His comments begin with:
“The manuscript that follows was written fifteen years ago. On balance, though, conformal field theory has evolved less quickly than I expected, and to my mind the difficulties that kept me from finishing the paper are still not altogether elucidated.”
Re Witten’s paper:
Lie algebra of SO(3,3):
Let indices go 1..4 (spacetime) with Pm=Jm5, Qm=Jm6, and M=J56.
[Jmn, Jrs] = -i(gmr Jns – gms Jnr + gns Jmr – gnr Jms)
[Jmn, Pr] = -i(gmr Pn – gnr Pm)
[Jmn, Qr] = -i(gmr Qn – gnr Qm)
[Pm, Pn] = [Qm, Qn] = -iJmn
[Pm, Qn] = -[Qm, Pn] = -iM gmn
[Pm, M] = iQm
[Qm, M] = -iPm
[Jmn, M] = 0
Let Rm = Pm+iQm, Sm = Pm-iQm.

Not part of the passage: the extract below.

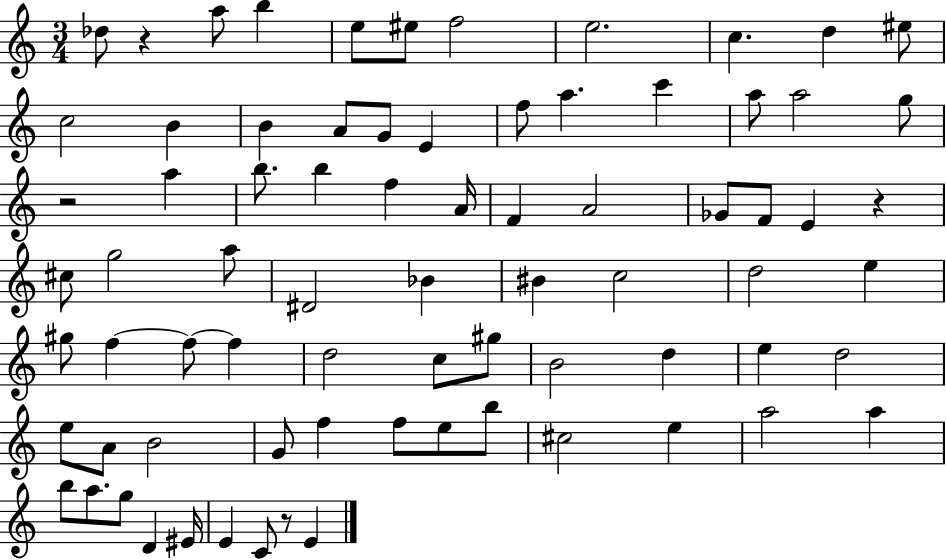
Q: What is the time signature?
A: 3/4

Then Rm and Sm separately combined with Jmn, are Poincare algebras, implying finite translations (two are needed to get a real translation on spacetime). The appearence of algebraic translations is reminiscent of the appearence of translations as repeated supersymmetries.
Is this related to what Witten is talking about?
Note also that
[Rm, M] = Rm
[Sm, M] = -Sm
[Rm, Sn] = -2(M gmn + iJmn)
so the elementary translations are distinguished with respect to the “mass” M=J56 and they don’t commute. One can imagine this as a primitive distinction between matter and antimatter on the lowest level. (sorry in advance for sign errors).